As the sole means of placing his life in comparative safety, Henry abjures the Protestant faith, and remains in a sort of honourable captivity at the court of France, suspected by Charles and detested by Catharine, to whom Réné the Florentine, her astrologer and poisoner, has predicted that the now powerless prince of Navarre shall one day reign over France. Some days have passed, the massacres have nearly ceased, and the body of Admiral de Coligny, discovered amongst a heap of slain, has been suspended to the gibbet at Montfaucon. Charles IX., always greedy of spectacles of blood, proposes to pay a visit to the corpse of his dead enemy, whom had called his father, and affectionately embraced, upon their last meeting previous to the attempted assassination of the admiral by Maurevel, an attempt instigated by Charles himself. We will give the account of this visit in the words of M. Dumas.

It was two in the afternoon, when a long train of cavaliers and ladies, glittering with gold and jewels, appeared in the Rue St Denis, displaying itself in the sun between the sombre lines of houses, like some huge reptile with sparkling scales. Nothing that exists at the present day can give an adequate idea of the splendour of this spectacle. The rich silken costumes, of the most brilliant colours, which were in vogue during the reign of Francis I., had not yet been replaced by the dark and graceless attire that became the fashion in Henry III.'s time. The costume of the reign of Charles IX. was perhaps less rich, but more elegant than that of the preceding epoch.

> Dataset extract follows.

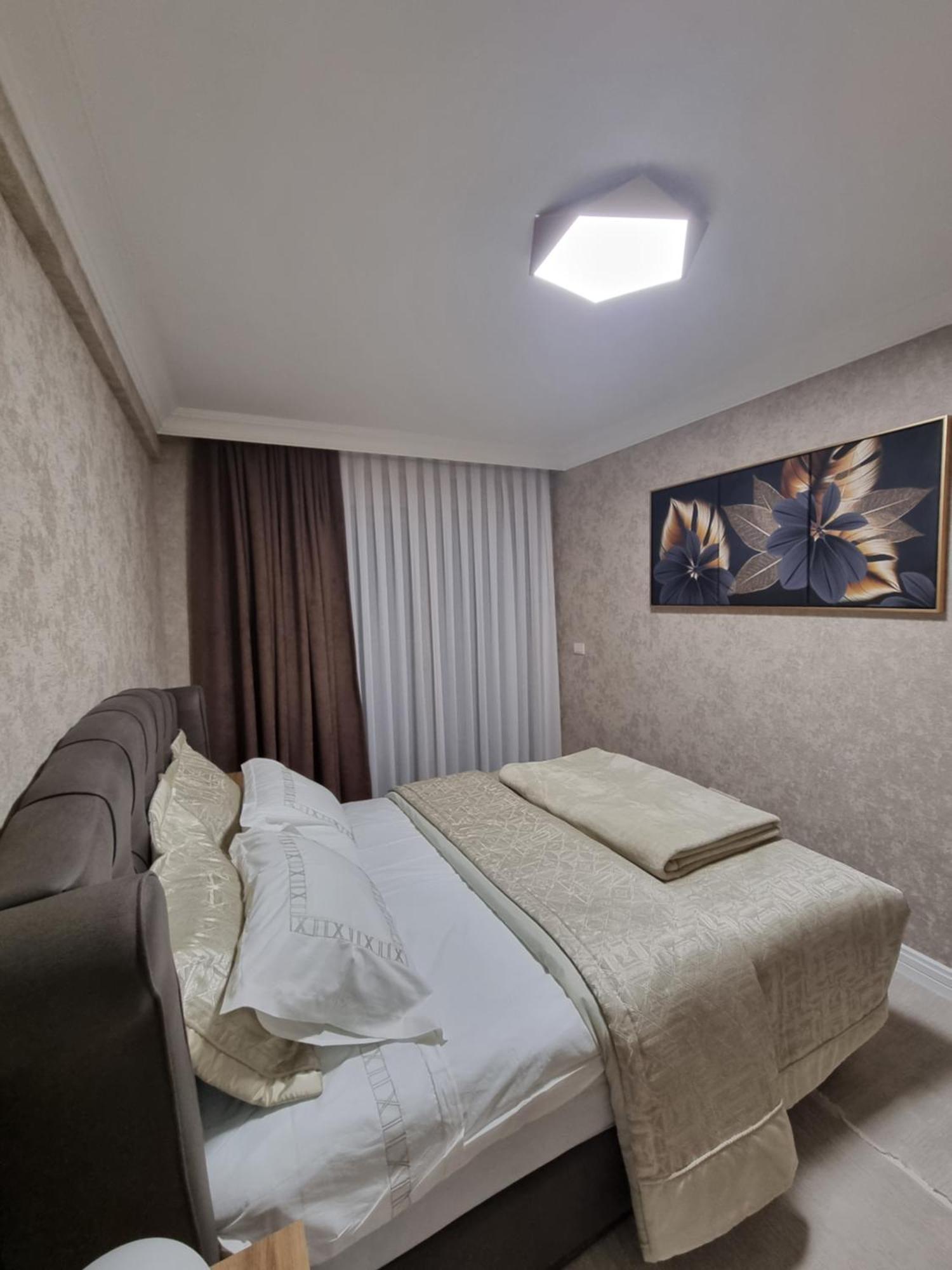 Avio Apartmani 2018 Νόβι Πάζαρ Εξωτερικό φωτογραφία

In the rear, and on either side of this magnificent procession, came the pages, esquires, gentlemen of low degree, dogs and horses, giving the royal train the appearance of a small army. The cavalcade was followed by a vast number of the populace.

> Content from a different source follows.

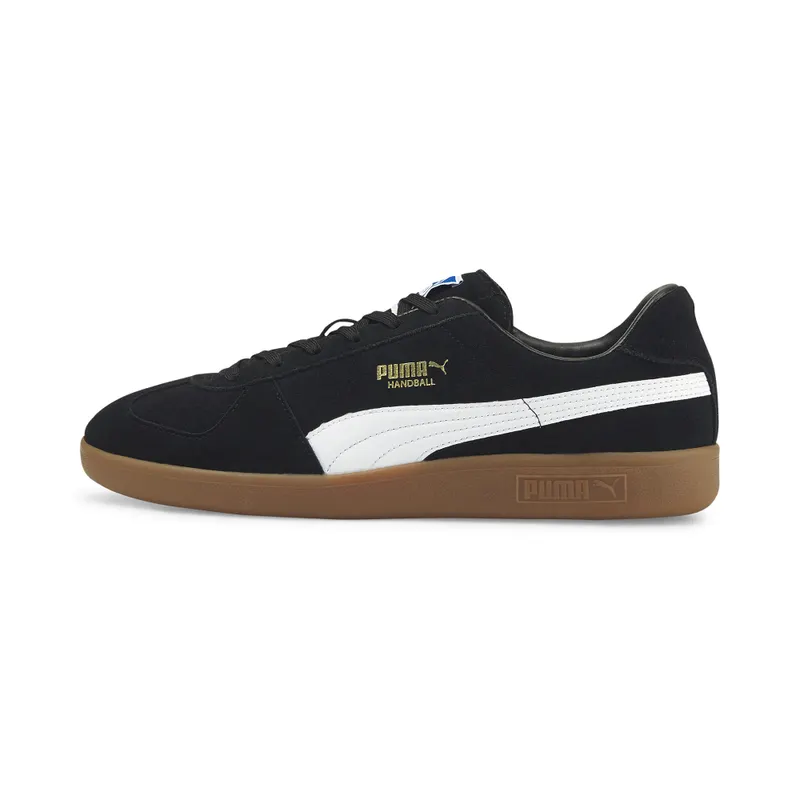 Puma Handball “Puma Black / Puma White / Gum” | 106695_02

That morning, in presence of Catharine and the Duke of Guise, and of Henry of Navarre, Charles the Ninth had spoken, as if it were quite a natural thing, of going to visit the gibbet at Montfaucon, or, in other words, the mutilated body of the admiral, which was suspended from it. Henry's first impulse had been to make an excuse for not joining the party. Catharine was looking out for this, and at the very first word that he uttered expressive of his repugnance, she exchanged a glance and a smile with the Duke of Guise. Henry, whom nothing escaped, caught both smile and glance, underwent them, and hastened to correct his blunder.

"After all," said he, "why should I not go? I am a Catholic, and owe as much to my new religion." Then addressing himself to the king: – "Your majesty may reckon upon me," said he; "I shall always be happy to accompany you wherever you go."

In the whole procession, no one attracted so much curiosity and attention as this king without a kingdom, this Huguenot who had become Catholic. His long and strongly marked features, his somewhat common tournure, his familiarity with his inferiors – a familiarity which was to be attributed to the habits of his youth, and which he carried almost too far for a king – caused him to be at once recognised by the spectators, some of whom called out to him – "To mass, Henriot, to mass!"

To which Henry replied.

"I was there yesterday, I have been there to-day, I shall go again to-morrow. Ventre-saint-gris! I think that is enough."

As for Margaret, she was on horseback – so beautiful, so fresh and elegant, that there was a perfect chorus of admiration around her, some few notes of which, however, were addressed to her companion and intimate friend, the Duchess of Nevers, who had just joined her, and whose snow-white steed, as if proud of its lovely burden, tossed its head, and neighed exultingly.

"Well, duchess," said the Queen of Navarre, "have you anything new to tell me?"

"Nothing, madam, I believe," replied Henriette. Then, in a lower tone, she added – "And the Huguenot, what is become of him?"

"He is in safety," replied Margaret. "And your Piedmontese hero? Where is he?"